Cash used in investing activities was $233 million for the first three months of 2020, compared with $350 million in the same period last year. The decrease was primarily driven by lower property additions in 2020.

Cash used in financing activities was $694 million for the first three months of 2020, compared with $478 million in the same period last year, reflecting lower proceeds from borrowing, partially offset by lower repurchases of Common Stock. We repurchased 2.6 million shares of Common Stock totaling $466 million in the first three months of 2020 compared to 2.9 million shares, totaling $500 million in the same period last year.  The timing and volume of future share repurchases will be guided by our assessment of market conditions, cash flow and other pertinent factors.  Any near-term purchases under the program are expected to be made with internally-generated cash, cash on hand, or proceeds from borrowings.

Our total-debt-to-total capitalization ratio was 45.1% at March 31, 2020, and 44.5% at December 31, 2019.

In March 2020, we renewed and amended our five-year credit agreement which expires in May 2025 and provides for borrowings at prevailing rates and includes covenants. We increased the program’s borrowing capacity from $750 million to $800 million. We had no amounts outstanding under this facility at both March 31, 2020, and December 31, 2019, and we are in compliance with all of its covenants. We have in place an accounts receivable securitization program with maximum borrowing capacity of $450 million and a term expiring in May 2020, which we intend to renew. We had no amounts outstanding at both March 31, 2020, and December 31, 2019, and our available borrowing capacity was $412 million and $429 million, respectively. In addition, we have investments in general purpose corporate-owned life insurance policies and had the ability to borrow up to $652 million against these policies at March 31, 2020.

We expect cash on hand combined with cash provided by operating activities will be sufficient to meet our ongoing obligations.

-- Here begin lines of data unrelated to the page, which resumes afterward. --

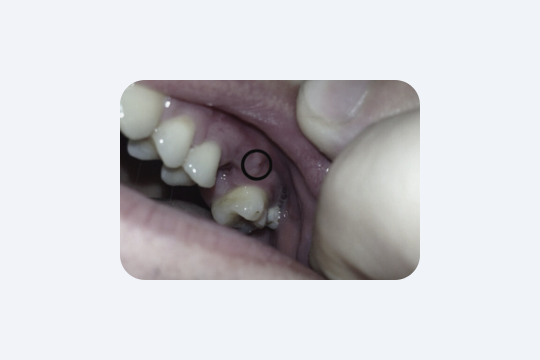 Удалили зуб – советы по уходу после процедуры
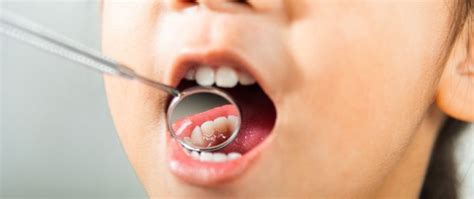 Qué es la caries cómo se trata y la importancia de prevenirla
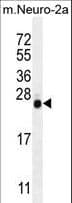 LIN28A / LIN28 Antibody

We are monitoring the ongoing impacts of the COVID-19 pandemic, which could lead to a decline of cash inflows from operations. However, we believe our currently-available borrowing capacity, access to additional financing, and ability to reduce expenditures on property additions and shareholder distributions, including share repurchases, will allow us to meet our cash flow needs. There have been no material changes to the information on future contractual obligations contained in our Form 10-K for the year ended December 31, 2019.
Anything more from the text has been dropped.